Juni schniefte und fuhr mit der traurigen Geschichte ihres Rudels fort: „Nach all diesen Todesfällen wurden die überlebenden Rudelmitglieder in ein Verlies gebracht. Männer, Frauen, Kinder, alt oder jung, niemand wurde verschont. Wir wurden in diesem Gefängnis festgehalten. Luna, Igors eigene Mutter, und Keith, der jüngste Sohn des Alphas, wurden ebenfalls in die Zellen geworfen.“

„Wir wurden wie Sklaven behandelt,“ sagte Januar und schniefte in ihre Tränen. „Igor war nie so. Er liebte seine Familie, sein Rudel. Niemand hätte gedacht, dass er sich jemals so verändern würde; zu einem Dämon.“

„Das Verlies, in dem er uns gefangen hielt, hatte keine Lichtquelle, es war komplett dunkel. Tag und Nacht waren für uns dasselbe. Wir bekamen selten etwas zu essen. Viele Mitglieder überlebten das nicht.“ Jetzt verstand ich, warum sie so dünn waren. „Jeden Tag wurde eine Frau aus dem Rudel von ihm ausgewählt, es war ihm egal, ob sie einen Gefährten hatte oder nicht, sie wurde weggebracht und dann zurückgeworfen, nachdem er mit ihr fertig war,“ Januar hielt inne. Ich sah zu Juni, die jetzt laut weinte und keuchte.

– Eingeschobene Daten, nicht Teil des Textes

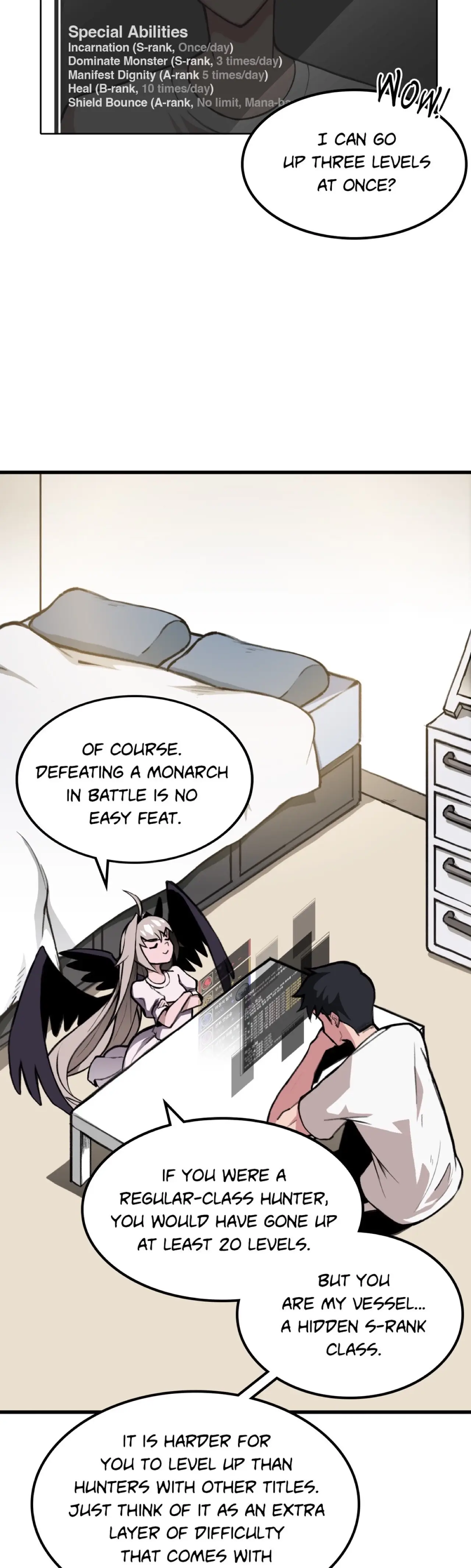 Read Guardians of the Monster Hunters EN Manga Online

Ich umarmte sie und ließ sie an meiner Schulter schluchzen.

Januar fuhr nach einem Moment fort: „Ich habe ihn früher als Bruder betrachtet.“ Sie wischte sich grob die Tränen mit den Händen ab und sah mich an. Ich bemerkte, dass ihre Augen jetzt schwarz waren. Sie sah zu Juni, die an meiner Schulter weinte, und ihre Augen wurden für einen Moment weicher, bevor sie sich wieder vor Wut verdunkelten. „Der Typ, den ich als Bruder betrachtete, wollte meine Schwester benutzen,“ sagte sie mir durch zusammengebissene Zähne. Sie schloss die Augen und atmete tief durch, inzwischen hatte sich auch Juni irgendwie beruhigt und ihre Tränen hatten nachgelassen.

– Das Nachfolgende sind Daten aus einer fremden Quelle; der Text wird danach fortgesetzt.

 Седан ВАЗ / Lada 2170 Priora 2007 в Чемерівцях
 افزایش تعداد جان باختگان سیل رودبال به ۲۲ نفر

„Papa und Mama konnten es nicht ertragen,“ erzählte mir Januar, so viel Schmerz und Leid in ihrer Stimme. „Als er kam, um Juni zu holen, verwandelten sich Papa und Keith und begannen, ihn anzugreifen. Mama nahm mich und Juni mit und irgendwie entkamen wir dem Verlies. Als wir im Wald wegrannten, spürte Mama Papas Schmerz und sie ging zurück, uns versprechend, niemals zurückzukehren. Wir rannten weg, aber wir wissen nicht, was mit unseren Eltern passiert ist. Unsere Gedankenverbindung war unterbrochen.“

Ich dachte, was ich durchmachte, sei schlimm, aber meine Probleme waren nichts im Vergleich zu ihren. Das war viel schlimmer. Ich dachte, ich hätte das schlimmste Leben auf dieser Welt, aber was sie durchgemacht hatten, wünschte ich niemandem. Wenn ich sie ansah, bewunderte ich sie ernsthaft dafür, dass sie nach allem, was sie durchgemacht hatten, so stark geblieben waren.

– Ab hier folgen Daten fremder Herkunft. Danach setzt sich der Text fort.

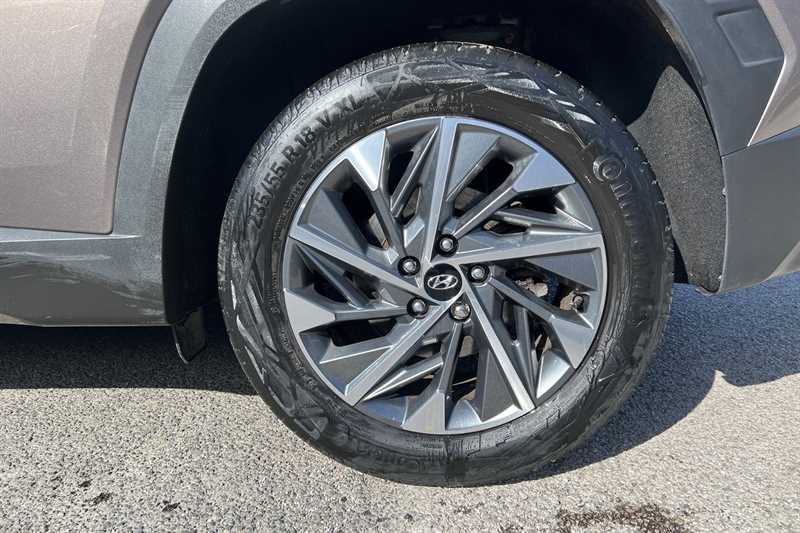 Used Hyundai TUCSON 2023 for sale - 78160977: Photo 9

„Seitdem rennen wir durch verschiedene Rudelterritorien. Wenn ein Rudelwolf unsere Anwesenheit vermutet, verlassen wir sofort ihr Territorium,“ erklärte Juni. Das erklärte mir, warum Juni so beschützend gewesen war, als sie mich gesehen hatte. Sie stand auf und streckte ihre Arme, Januar und ich folgten ihr bald darauf.

„Also Templar, es ist offensichtlich, dass du keinen Ort hast, an dem du bleiben kannst, also wohin gehst du jetzt?“ fragte Januar.